SOURCE MATERIAL:

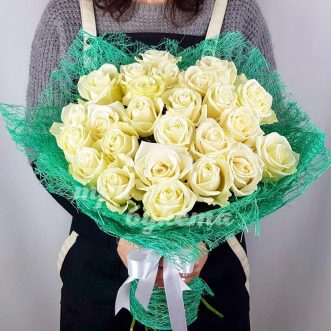 25 белых роз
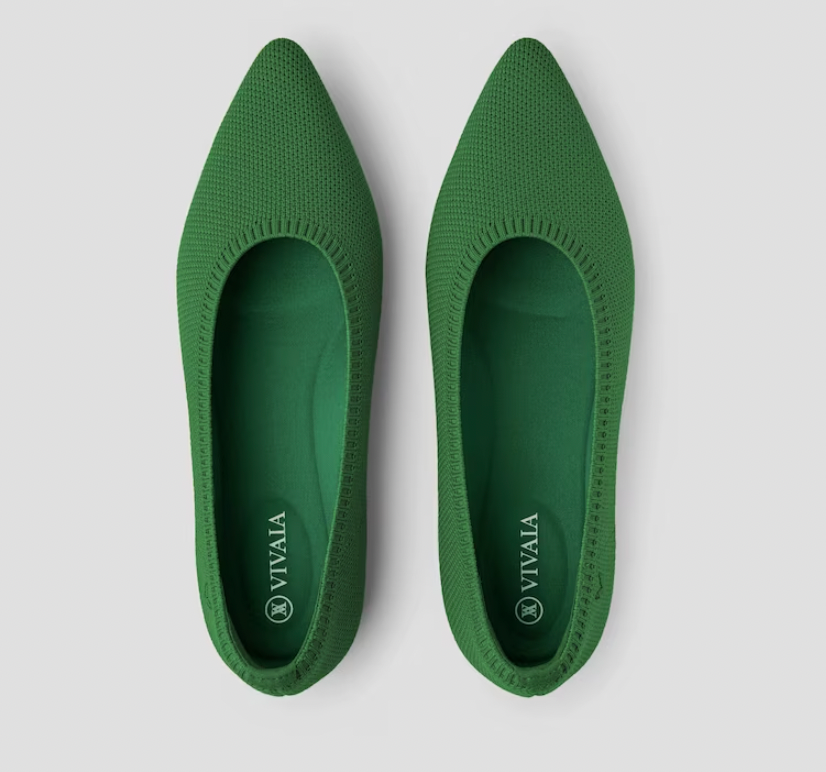 Elegante en gedetailleerde ondersteunende zomersandalen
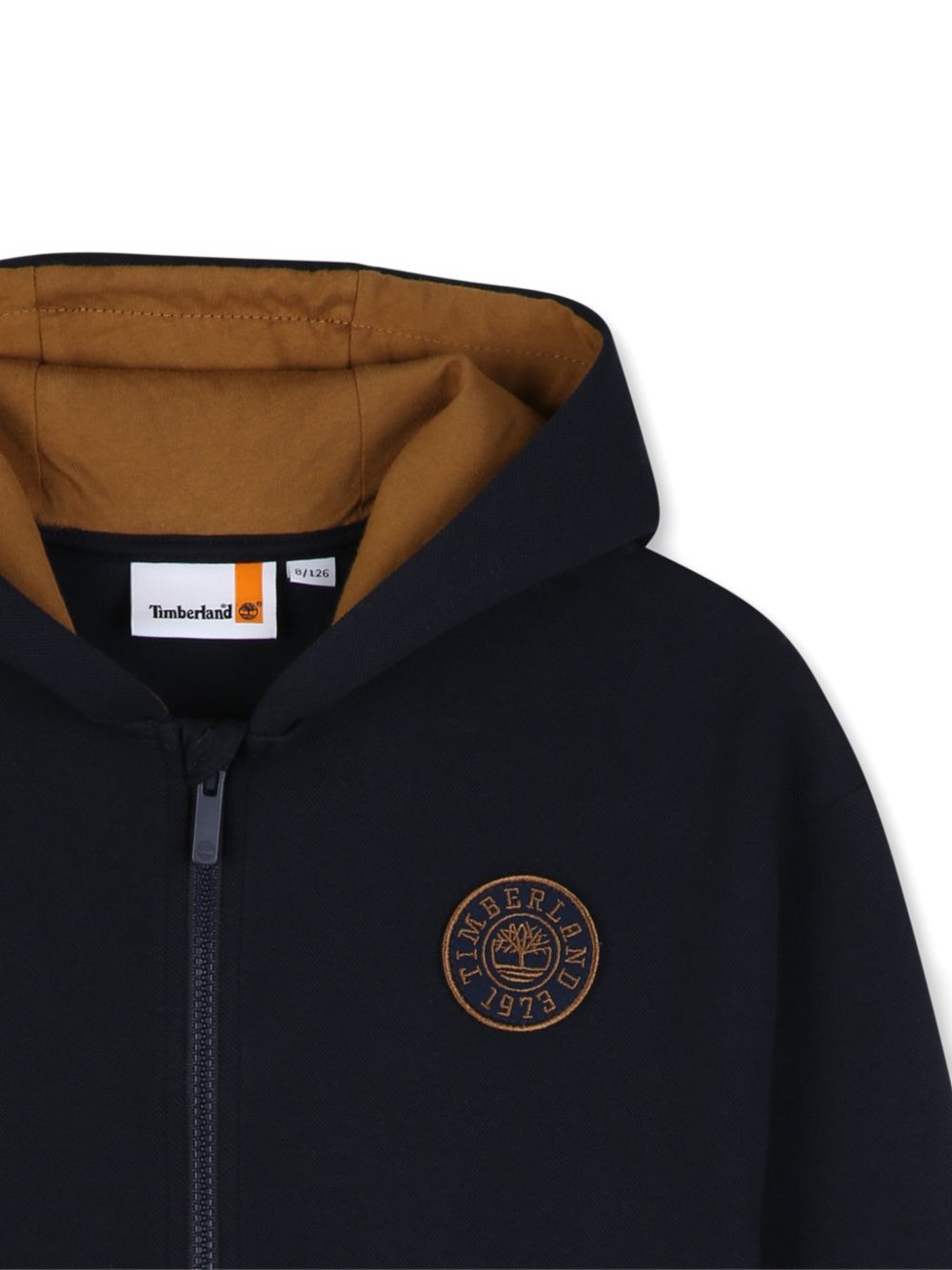 76% cotton / 20% polyester / 4% elastane piqué con cappuccio cardigan, retro yoke, zip chiusura, davanti tasche, printed logo on patch sul chest. *con jogg pantaloni t61071* T61066 849 TIMBERLAND KIDS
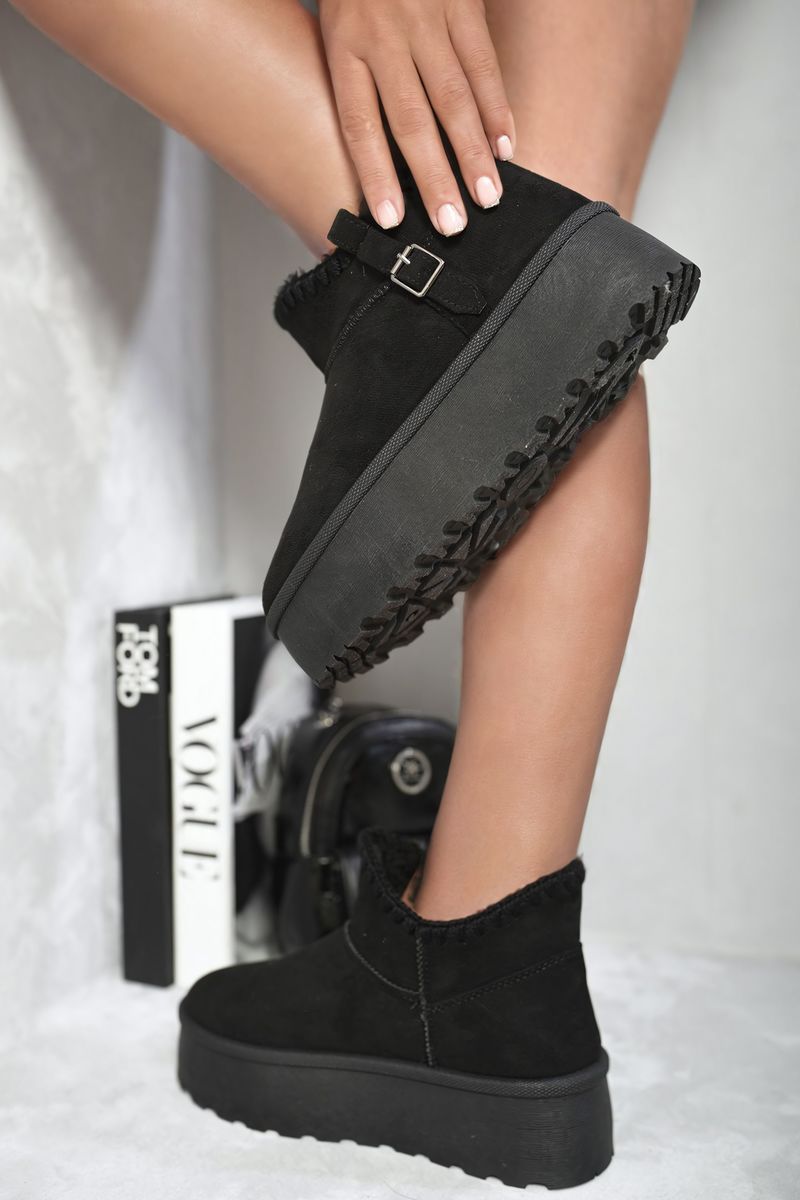 Fur-lined Platform Ankle Boots 🇬🇧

TASK OBJECTIVE:
Please write out exactly the lines from the one holding "Elegante en gedetailleerde" through the last line of the material above, both included, as a copy without pictures.

RESULT FOR THIS TASK:
 Elegante en gedetailleerde ondersteunende zomersandalen
 76% cotton / 20% polyester / 4% elastane piqué con cappuccio cardigan, retro yoke, zip chiusura, davanti tasche, printed logo on patch sul chest. *con jogg pantaloni t61071* T61066 849 TIMBERLAND KIDS
 Fur-lined Platform Ankle Boots 🇬🇧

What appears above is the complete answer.